2015 was Biden’s annus horribilis. In May, he lost his son, Beau. In October, he passed on his last chance to seek the presidency.

By all accounts, Biden has been a loyal vice president. He’s also pushed Obama in directions the President was reluctant to take – most notably, same-sex legalization. But this is a national speech in somber times, with lasting international implications. The President should leave the bromantic embrance and Biden pda back at the White House.

2.   I Want To Work With You Republicans – Even If Everything Is Your Own Damn Fault. No Obama State of the Union would be complete without a (half-hearted) call for bipartisanship, all the while making it clear that it’s obstinate congressional Republicans to blame for Washington gridlock.

From the White House’s perspective, the problem is the GOP as a party of sore losers – even with when Republicans have won midterm elections. Sadly, had the President courted, say, someone quite reasonable like Maine Sen. Olympia Snowe, he’d have heard a different story: for all pre-election talk about changing the tone in Washington, once the Democratic House passed the $825 billion stimulus package a week into the Obama presidency, the well was poisoned. The President’s last SOTU will only underscore the disconnect.

3.   Climate Change. You know it’s going to happen – somewhere between gun control and warmer relations with Cuba. The question: how does Obama present climate change – as an extension of his economic agenda, or global scourge sure to kill us all?

I live in California, where Gov. Jerry Brown has latched onto climate-change late in his political career with what might be best described as a missionary zeal. Like Obama, Brown lends overheated language to global warming. And, like the President, when not warning about the coming apocalypse, he’s browbeating his critics.
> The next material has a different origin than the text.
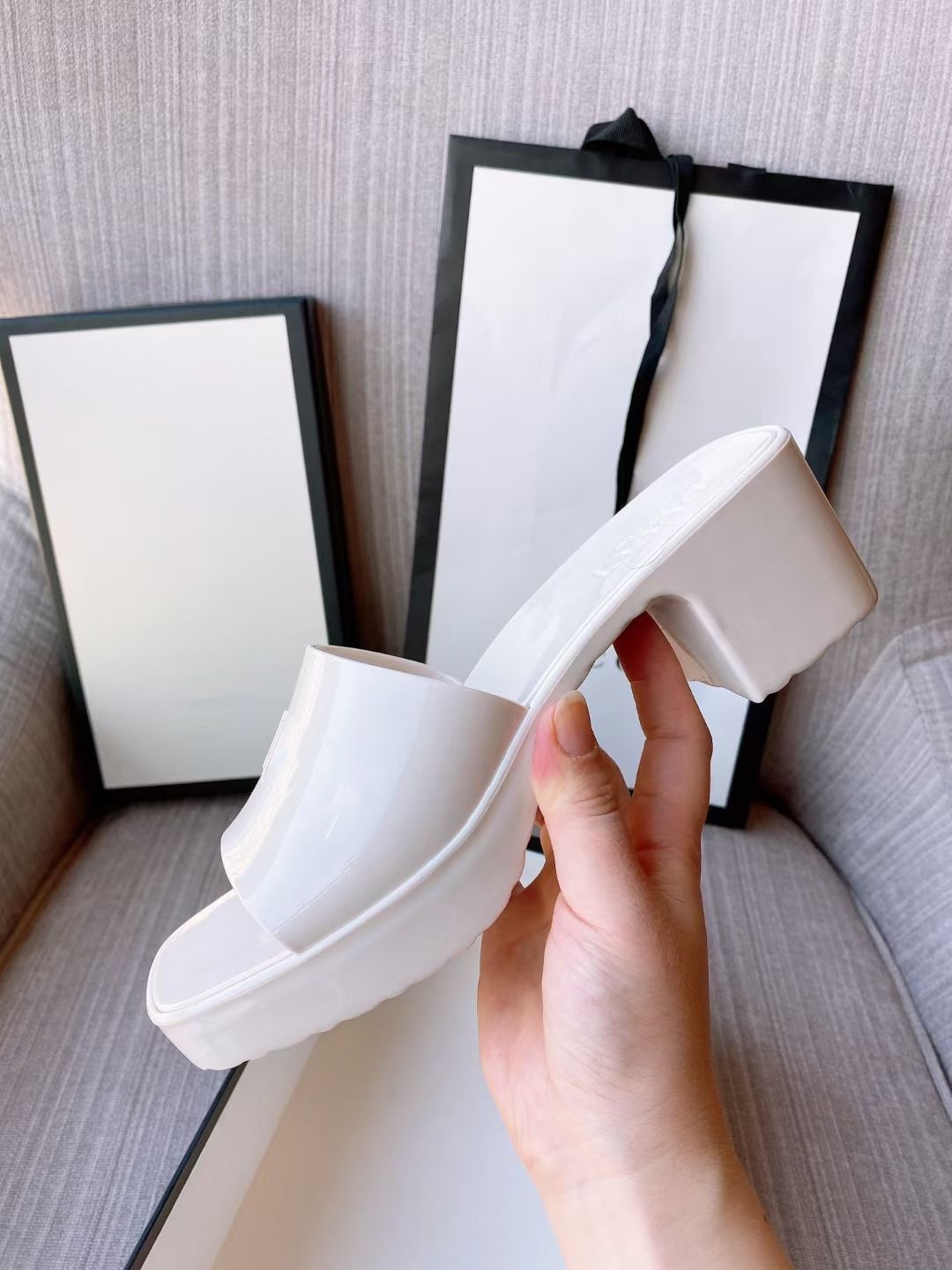 quality designer lady Sandals summer fashion jelly slide high heel slippers luxury Casual shoes Womens Leather Alphabet beach shoe 35-41
quality designer lady Sandals summer fashion jelly slide high heel slippers luxury Casual shoes Womens Leather Alphabet beach shoe 35-41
There’s a smart approach for Brown to take out west – link a changing climate to a parched landscape and a fragile economic recovery. Let’s see if Obama is anywhere as nuanced back in Washington. Should he trot out the line that climate-change is the greatest threat to the planet? Republicans will groan; viewers may change the channel.

4.   The Republican Response.  Wait a second, this is about things that will annoy the right, right? Yes, which is why South Carolina Gov. Nikki Haley’s response bears mention.
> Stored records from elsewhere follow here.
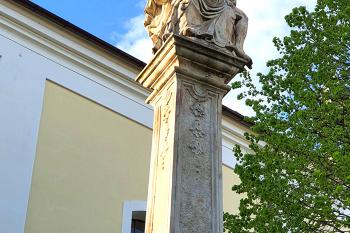 Socha Piety ve Velkých Opatovicích v okrese Blansko. (© Pavel Vítek 09/2022)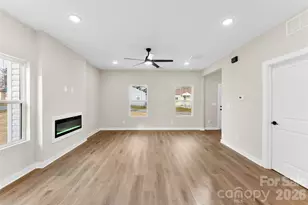 906 Brunett St, Gastonia, NC 28052 - Photo 13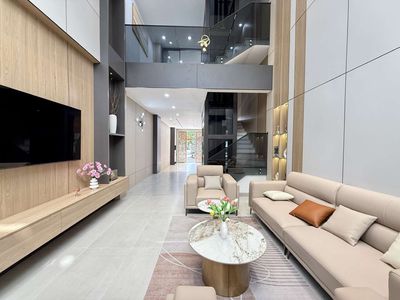 Siêu Phẩm đẹp 4,5m x 20m. 4 Tầng Có Thang Máy Hẻm 8m 1/ Thạnh Xuân 25 — ảnh 1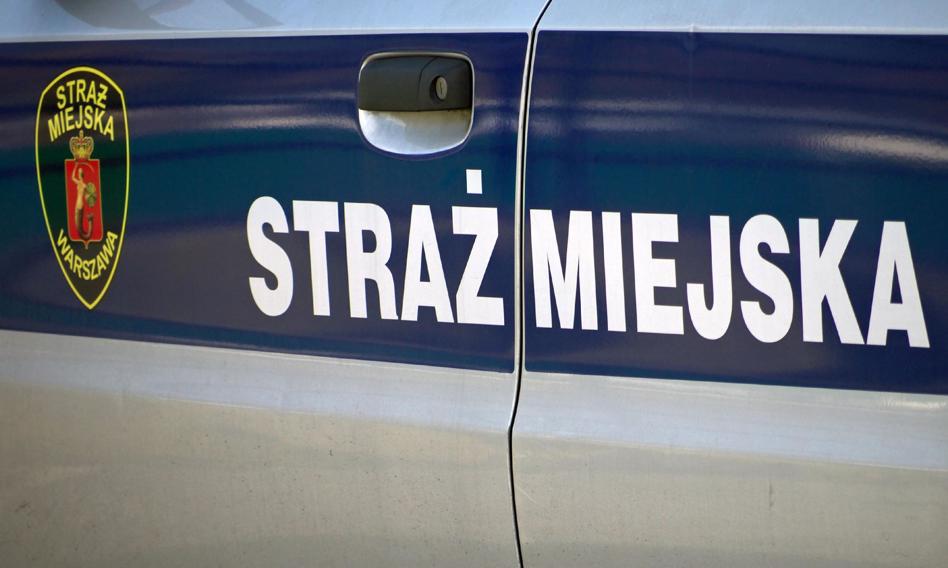 Straż miejska w Warszawie grozi strajkiem. Chcą podwyżek i dymisji komendanta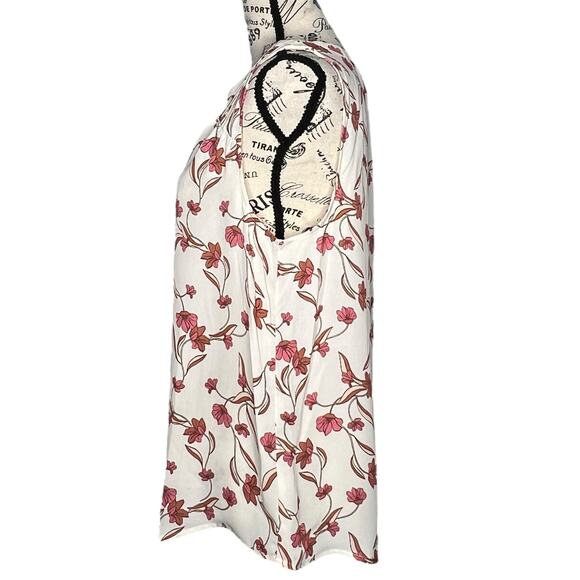 41Hawthorn MEDIUM Hannah Blouse - Stitch Fix Sleeveless V-Neck Floral Top - Picture 3 of 13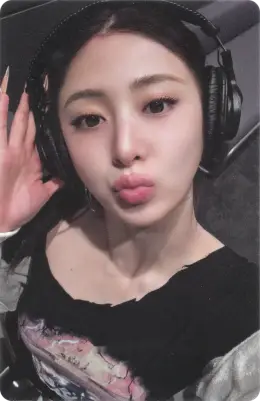 Huh Yunjin · PUREFLOW pt.1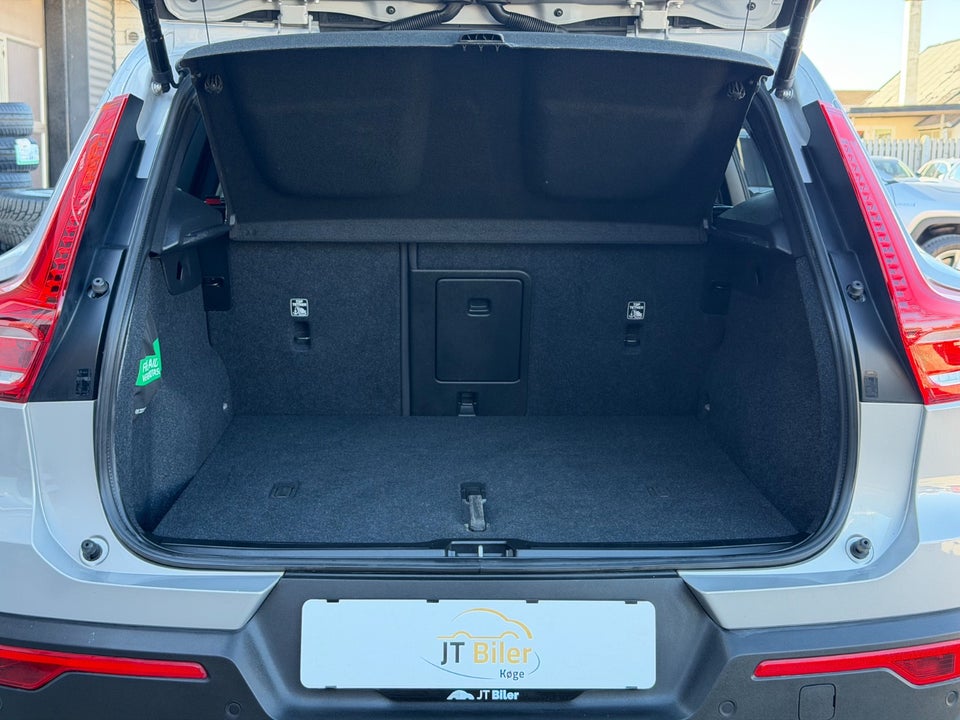 Volvo XC40 ReCharge Extended Range Plus 5d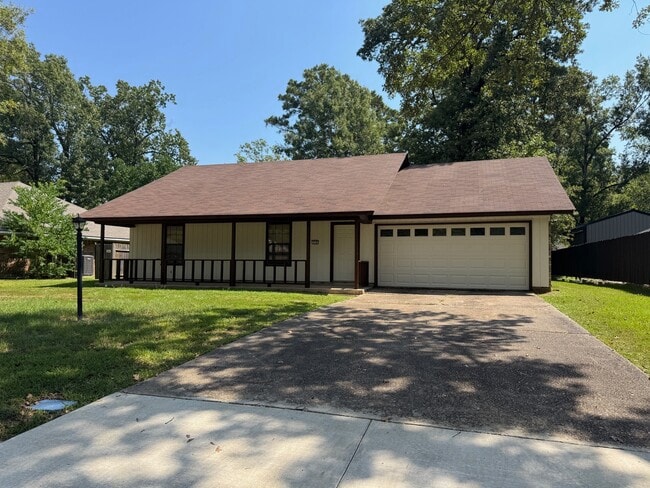Building Photo - 107 Carriage Square Dr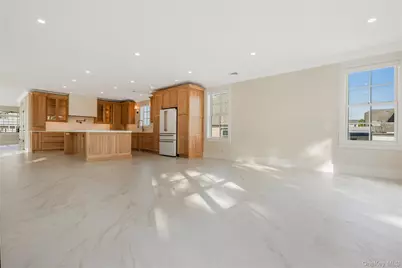 11 Riverdale Avenue, Massapequa, NY 11758 - Photo 11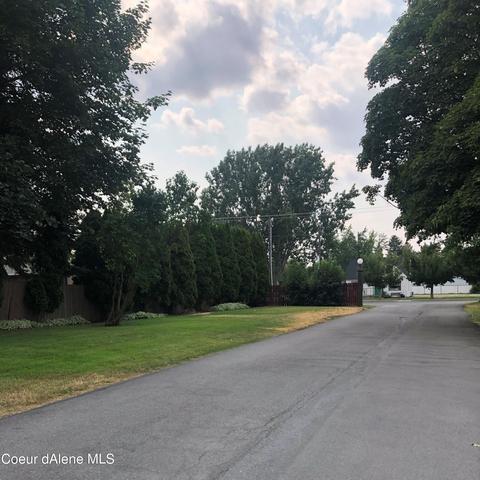 136 E Willow Tree Ln, Hayden, ID 83835 photo 4
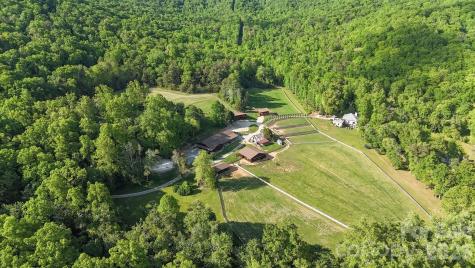 959 & 957 Dave Whitaker Road Horse Shoe NC 28742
Five Republicans have dropped out of the presidential race so far – four, with this in common: all were past or present governors. This suggests the conservative grassroots at present isn’t interested in two things: establishment figures and executive offering the obligatory “as we’d done in my state, I’ll do in Washington” message.

Haley, whose name will surface this summer when veep speculation begins, could tell a tale of all she’s done in South Carolina: economic expansion, education reform and empathy (she deftly handled last fall’s shooting at Charleston’s AME Emanuel Church.

Or, will she use the moment to come out as a Trumpkin (immigration, political correctness and America being pushed around by other nations)?

For years, Republicans have struggled with how to stage a strong response to the Obama State of the Union. Bobby Jindal laid an egg; Marco Rubio had that unfortunate water break. Small wonder some Republicans have soured on the tradition.

Is it too late to see what Trump’s doing Tuesday night?